Collection entries:
◇ ◇ ◇ ◇ ◇ ◇ ◇

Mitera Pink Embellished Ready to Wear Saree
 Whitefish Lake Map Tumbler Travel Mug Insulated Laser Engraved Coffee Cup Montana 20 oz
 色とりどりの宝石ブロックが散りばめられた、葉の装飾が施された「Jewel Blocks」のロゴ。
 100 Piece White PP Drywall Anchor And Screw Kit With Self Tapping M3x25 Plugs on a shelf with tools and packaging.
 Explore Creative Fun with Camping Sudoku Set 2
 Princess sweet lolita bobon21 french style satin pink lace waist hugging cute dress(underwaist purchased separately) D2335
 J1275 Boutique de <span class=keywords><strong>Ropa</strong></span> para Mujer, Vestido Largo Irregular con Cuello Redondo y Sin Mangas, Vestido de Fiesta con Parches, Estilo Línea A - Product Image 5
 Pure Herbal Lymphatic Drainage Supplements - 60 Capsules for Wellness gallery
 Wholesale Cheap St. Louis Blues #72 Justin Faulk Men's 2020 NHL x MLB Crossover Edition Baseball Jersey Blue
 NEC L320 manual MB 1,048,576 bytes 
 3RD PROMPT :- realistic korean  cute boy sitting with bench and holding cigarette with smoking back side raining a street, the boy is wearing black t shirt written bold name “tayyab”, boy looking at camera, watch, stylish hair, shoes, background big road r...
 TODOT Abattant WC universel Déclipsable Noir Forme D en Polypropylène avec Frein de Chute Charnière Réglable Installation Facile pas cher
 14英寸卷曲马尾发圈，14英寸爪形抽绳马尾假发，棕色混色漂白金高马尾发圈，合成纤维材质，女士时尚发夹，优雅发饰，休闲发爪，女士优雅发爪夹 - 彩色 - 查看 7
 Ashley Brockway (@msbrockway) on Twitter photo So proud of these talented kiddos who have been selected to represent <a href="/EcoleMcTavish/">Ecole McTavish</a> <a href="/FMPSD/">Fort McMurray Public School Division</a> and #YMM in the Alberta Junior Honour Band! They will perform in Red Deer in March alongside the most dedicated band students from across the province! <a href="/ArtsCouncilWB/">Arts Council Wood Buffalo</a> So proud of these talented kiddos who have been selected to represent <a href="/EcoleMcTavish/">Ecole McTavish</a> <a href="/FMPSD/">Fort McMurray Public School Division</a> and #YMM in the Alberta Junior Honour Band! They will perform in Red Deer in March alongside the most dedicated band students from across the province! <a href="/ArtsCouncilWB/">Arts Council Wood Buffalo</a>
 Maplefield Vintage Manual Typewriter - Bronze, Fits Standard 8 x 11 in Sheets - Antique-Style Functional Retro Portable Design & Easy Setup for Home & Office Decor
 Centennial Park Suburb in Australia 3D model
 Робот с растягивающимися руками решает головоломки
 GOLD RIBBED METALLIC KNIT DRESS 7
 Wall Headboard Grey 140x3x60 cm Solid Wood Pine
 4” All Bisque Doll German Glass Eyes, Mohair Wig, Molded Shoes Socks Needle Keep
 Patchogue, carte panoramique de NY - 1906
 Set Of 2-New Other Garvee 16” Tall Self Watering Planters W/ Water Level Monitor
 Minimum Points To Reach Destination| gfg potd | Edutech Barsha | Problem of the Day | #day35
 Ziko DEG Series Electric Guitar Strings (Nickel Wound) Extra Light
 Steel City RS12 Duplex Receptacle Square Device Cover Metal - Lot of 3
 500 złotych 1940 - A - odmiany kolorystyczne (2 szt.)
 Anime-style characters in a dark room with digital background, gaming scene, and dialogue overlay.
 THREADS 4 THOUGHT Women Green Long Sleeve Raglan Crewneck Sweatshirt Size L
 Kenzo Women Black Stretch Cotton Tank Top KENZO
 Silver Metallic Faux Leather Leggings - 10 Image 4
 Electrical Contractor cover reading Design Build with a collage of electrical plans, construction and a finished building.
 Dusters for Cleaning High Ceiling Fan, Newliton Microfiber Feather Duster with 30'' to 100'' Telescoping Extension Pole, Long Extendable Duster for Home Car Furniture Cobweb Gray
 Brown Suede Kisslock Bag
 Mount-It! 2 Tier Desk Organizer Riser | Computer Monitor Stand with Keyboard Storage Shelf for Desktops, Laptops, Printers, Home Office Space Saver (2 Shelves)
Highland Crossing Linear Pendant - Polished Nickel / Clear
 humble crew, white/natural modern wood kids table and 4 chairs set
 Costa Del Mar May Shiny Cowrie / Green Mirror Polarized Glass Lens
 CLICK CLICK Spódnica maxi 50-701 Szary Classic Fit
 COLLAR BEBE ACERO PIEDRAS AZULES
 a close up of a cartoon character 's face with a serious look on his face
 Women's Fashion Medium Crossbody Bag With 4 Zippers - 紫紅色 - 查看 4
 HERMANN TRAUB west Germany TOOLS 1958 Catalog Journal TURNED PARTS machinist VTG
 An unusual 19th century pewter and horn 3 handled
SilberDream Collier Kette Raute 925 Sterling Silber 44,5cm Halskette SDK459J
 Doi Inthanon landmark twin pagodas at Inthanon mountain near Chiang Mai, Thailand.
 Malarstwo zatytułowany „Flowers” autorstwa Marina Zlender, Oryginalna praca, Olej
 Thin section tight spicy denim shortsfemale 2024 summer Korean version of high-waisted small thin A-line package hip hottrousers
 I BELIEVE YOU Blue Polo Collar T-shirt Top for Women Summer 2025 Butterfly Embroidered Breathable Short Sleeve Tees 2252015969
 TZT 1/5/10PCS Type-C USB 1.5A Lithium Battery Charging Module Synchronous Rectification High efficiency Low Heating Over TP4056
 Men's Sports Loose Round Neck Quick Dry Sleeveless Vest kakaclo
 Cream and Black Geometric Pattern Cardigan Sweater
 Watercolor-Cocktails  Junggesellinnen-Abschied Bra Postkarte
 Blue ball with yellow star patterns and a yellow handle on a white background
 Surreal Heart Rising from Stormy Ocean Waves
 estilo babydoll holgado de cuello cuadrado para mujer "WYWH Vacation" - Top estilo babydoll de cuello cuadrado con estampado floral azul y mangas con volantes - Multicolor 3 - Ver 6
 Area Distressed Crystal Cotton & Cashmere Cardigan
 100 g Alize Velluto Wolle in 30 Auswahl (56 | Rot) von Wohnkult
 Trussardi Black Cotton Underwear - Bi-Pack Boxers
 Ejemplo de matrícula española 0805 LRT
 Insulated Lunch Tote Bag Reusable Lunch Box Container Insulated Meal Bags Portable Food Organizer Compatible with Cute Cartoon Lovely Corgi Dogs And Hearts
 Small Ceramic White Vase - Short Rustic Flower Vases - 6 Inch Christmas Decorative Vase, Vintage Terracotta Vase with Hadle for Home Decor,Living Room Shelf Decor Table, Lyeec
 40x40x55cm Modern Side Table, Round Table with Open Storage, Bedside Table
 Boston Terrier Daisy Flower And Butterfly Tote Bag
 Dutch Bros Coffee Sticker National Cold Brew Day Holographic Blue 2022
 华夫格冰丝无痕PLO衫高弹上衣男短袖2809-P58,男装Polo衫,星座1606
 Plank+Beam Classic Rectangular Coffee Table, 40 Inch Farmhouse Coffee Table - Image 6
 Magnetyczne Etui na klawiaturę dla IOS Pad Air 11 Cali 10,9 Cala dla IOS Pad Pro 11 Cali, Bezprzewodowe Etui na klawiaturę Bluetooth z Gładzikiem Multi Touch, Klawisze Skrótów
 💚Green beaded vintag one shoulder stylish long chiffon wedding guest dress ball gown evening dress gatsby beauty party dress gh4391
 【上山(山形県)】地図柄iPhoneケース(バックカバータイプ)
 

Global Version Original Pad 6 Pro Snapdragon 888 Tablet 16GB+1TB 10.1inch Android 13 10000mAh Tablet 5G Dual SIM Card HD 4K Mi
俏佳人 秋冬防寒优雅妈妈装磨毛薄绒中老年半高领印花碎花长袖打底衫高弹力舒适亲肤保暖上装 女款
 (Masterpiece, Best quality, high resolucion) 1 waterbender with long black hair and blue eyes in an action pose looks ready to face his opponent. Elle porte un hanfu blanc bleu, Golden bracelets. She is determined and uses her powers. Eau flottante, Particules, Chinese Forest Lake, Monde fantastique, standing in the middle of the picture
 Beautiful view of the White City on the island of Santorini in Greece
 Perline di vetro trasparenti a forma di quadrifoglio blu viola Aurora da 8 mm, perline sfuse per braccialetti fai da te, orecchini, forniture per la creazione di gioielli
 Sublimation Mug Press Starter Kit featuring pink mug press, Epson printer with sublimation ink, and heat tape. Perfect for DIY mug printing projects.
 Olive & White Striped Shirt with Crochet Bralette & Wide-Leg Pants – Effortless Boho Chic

◇ ◇ ◇ ◇ ◇ ◇ ◇

▶ Task directions
Out of the preceding entries, pull each line that contains the word "Tote".

▶ Task output
 Insulated Lunch Tote Bag Reusable Lunch Box Container Insulated Meal Bags Portable Food Organizer Compatible with Cute Cartoon Lovely Corgi Dogs And Hearts
 Boston Terrier Daisy Flower And Butterfly Tote Bag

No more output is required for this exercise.